The highlights are the Sistine Chapel -- built in the 1470s and decorated by Michelangelo and others -- and the Raphael Rooms. Another rich display is the Pinacoteca, with an amazing range of paintings from the Gothic period onwards. Round off the visit by attending Mass at 5pm (5.30pm on Sundays) at St Peter's.
From the sublime to the stylish: head back to the Piazza Navona (9) area. With its wonderful wooded interior, Caffe della Pace (21) at Via della Pace 3 (0039 066 861 216; caffedellapace.it) is both atmospheric and very ritzy. Stop here for a glass of vino rosso -- and to mingle with Rome's glamorous crowd.
Dining with the locals
Sample the delights of the charming Clemente alla Maddalena (22) on Piazza della Maddalena (0039 066 833 633; www.clementeallamaddalena.it; closed Tuesday).
The Porta Portese flea market (23) stretches out from Porta Portese gate in the Trastevere district and opens Sundays at about 7.30am, finishing at around 1pm.
Go to church
Back on the left bank of the Tiber, stand at the northern extreme of Piazza del Popolo (24) to get a superb view southward over the heart of Rome. Then make for Santa Maria del Popolo, where Sunday mass is held at 8am, 9am and 10am.
Non-worshippers may not wander around the church during services, so you may choose to come later to see the riches here (Sundays 11am-1.30pm and 4.30pm-9.30pm; otherwise 7am-noon and 4pm-7pm).
This imposing 15th-century building is under renovation at the moment and the inside is somewhat dusty, but that does not detract from its chapels adorned by Pinturicchio and Caravaggio. The two Caravaggios in the Cesari chapel are spellbinding. (The Chigi chapel, designed by Raphael, is under wraps at present.)
Out to brunch
Choose between two excellent brunch options. Set among the art shops of Via Margutta, Il Margutta RistorArte (25) at number 118 (0039 063 265 0577; ilmargutta.it) is a stylish gallery-cum-vegetarian trattoria. It presents an extensive Sunday brunch buffet of frittatas, grilled vegetables and more from 12.30pm-2.30pm.
The Sunday feast costs €25; "green" brunches, from Monday to Saturday, cost €15.

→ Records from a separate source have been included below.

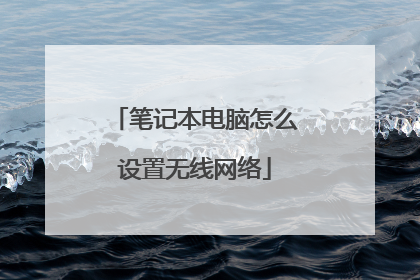 笔记本电脑怎么设置无线网络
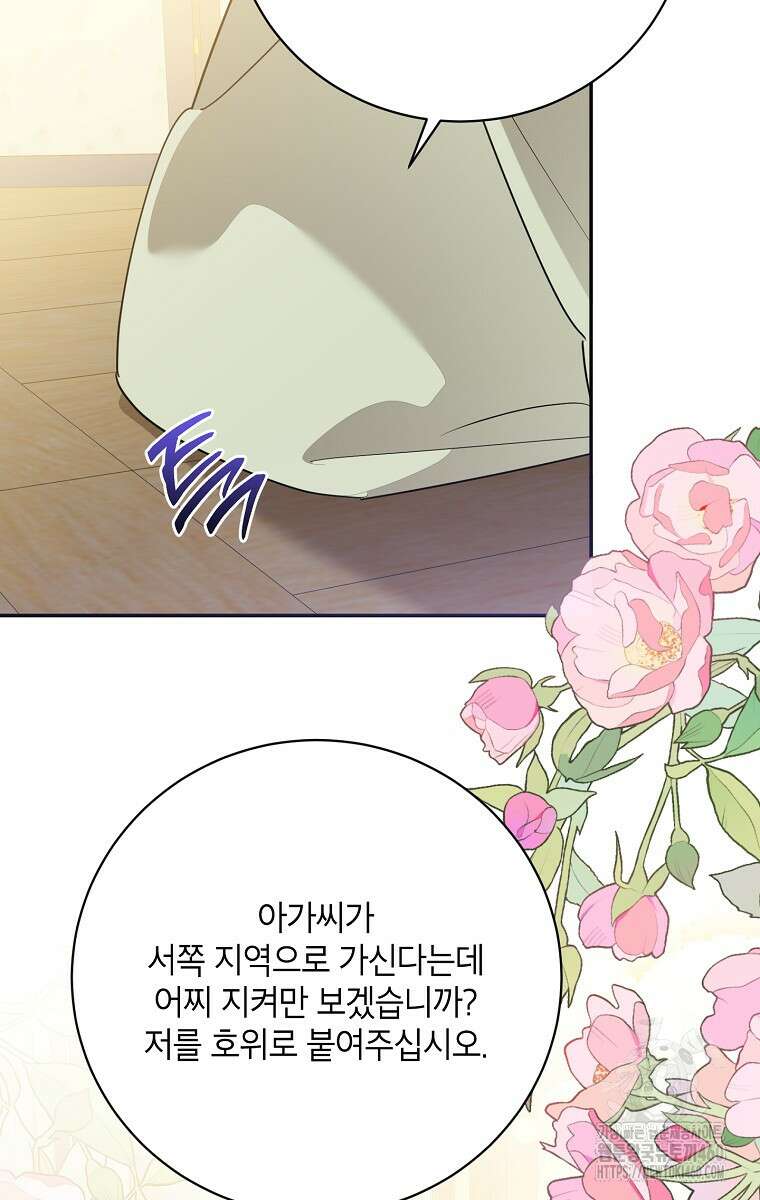 무협지 최고 악당의 귀한 딸입니다 127화 36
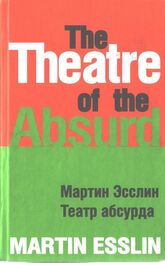 Мартин Эсслин: Театр абсурда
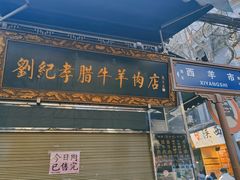 -刘纪孝腊牛羊肉(北广济街店)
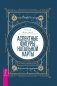 Аспектные фигуры натальной карты. Полное руководство фото книги маленькое 2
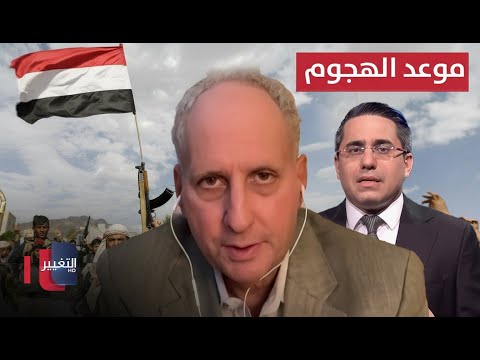 فيديو | كينيث كاتزمان يكشف تفاصيل موعد الهجوم البري على الجماعة في اليمن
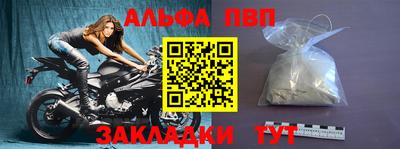 соль ск Партизанск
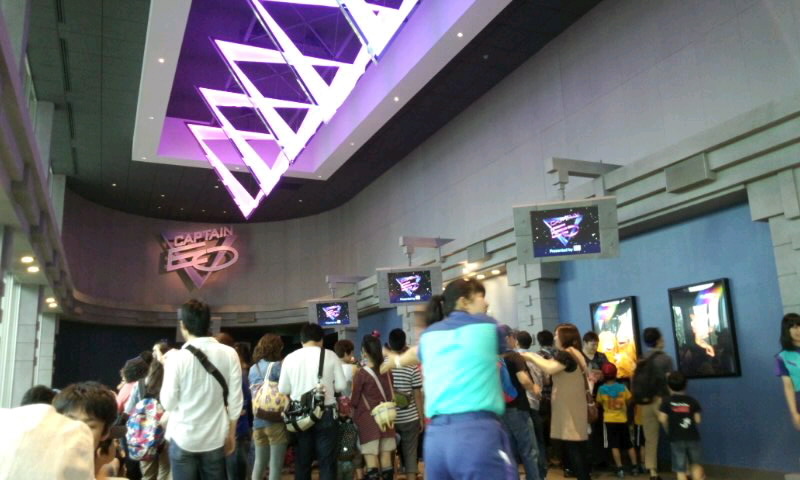 ��Ȃ̂Ԃ₫�B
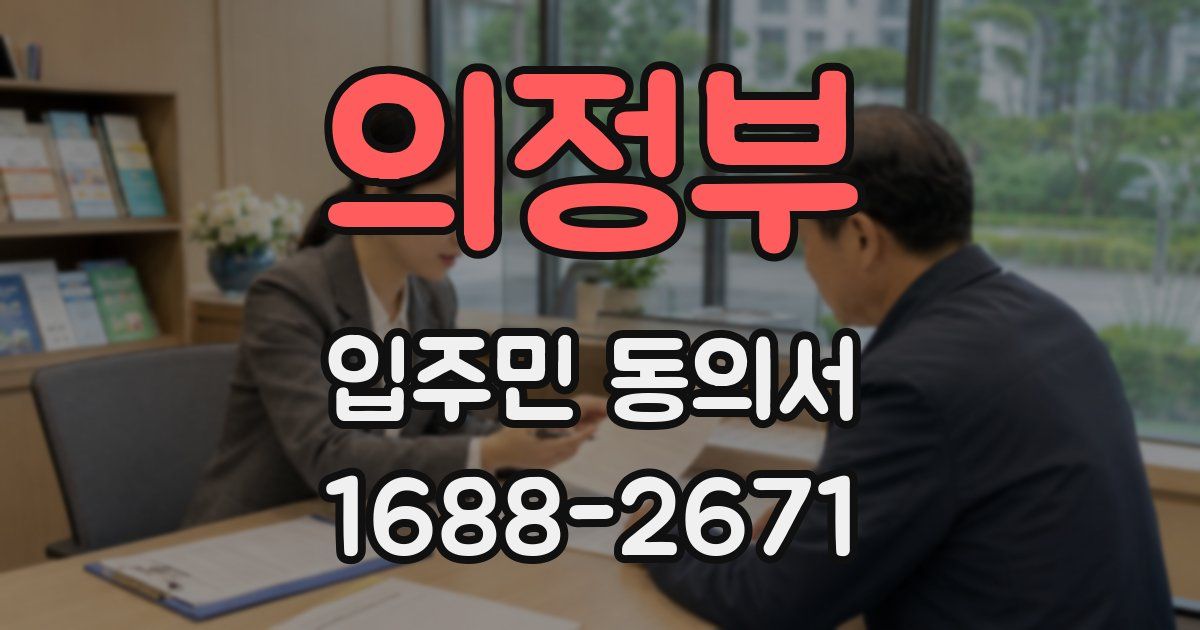 의정부 입주민 동의서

Alternatively, Gusto (26) (0039 063 226 273; gusto.it) on Piazza Augusto Imperatore is an all-encompassing food emporium with restaurant, wine bar, deli and more. Lavish weekend brunch buffets are served from noon until 4pm; from €14.
Take a view
Make your way to the top of the Capitoline Hill (27) (about a 15-minute walk from Piazza del Popolo; the nearest metro station is Colosseo). From the south-eastern edge of the summit, you can take in stunning panoramas of the Forum of Ancient Rome.
A walk in the park
Spend the afternoon in Ancient Rome. The three main sites lie just south of the Capitoline Hill: the Colosseum, the Forum and the Palatine Hill (0039 063 996 7700; turismoroma.it) are open 8.30am-5pm daily. A €9 ticket covers all three and is valid for two days. The five acres of the Forum (28) were once the heart of the Western world. Looted over time, the area is now a park of splendid ruins. To the south is Palatine Hill (29) where Rome was said to have been founded by Romulus and Remus. This greener space is peppered with more ruins and presents great views over the Colosseum (30) from the remains of the Baths of Septimius Severus. If you have time to visit only one site, make it the Colosseum, but buy your ticket at the Forum where the queues are shorter.
The icing on the cake
Set in the grounds of Villa Borghese, Galleria Borghese (31) (0039 068 413 979; galleriaborghese.it) is a treasure trove. The gallery is open daily, except Mondays, but viewings are limited to two-hour slots that start at 9am, 11am, 1pm, 3pm and 5pm. Tickets (€8.50) must be booked in advance on 0039 063 2810; ticketeria.it.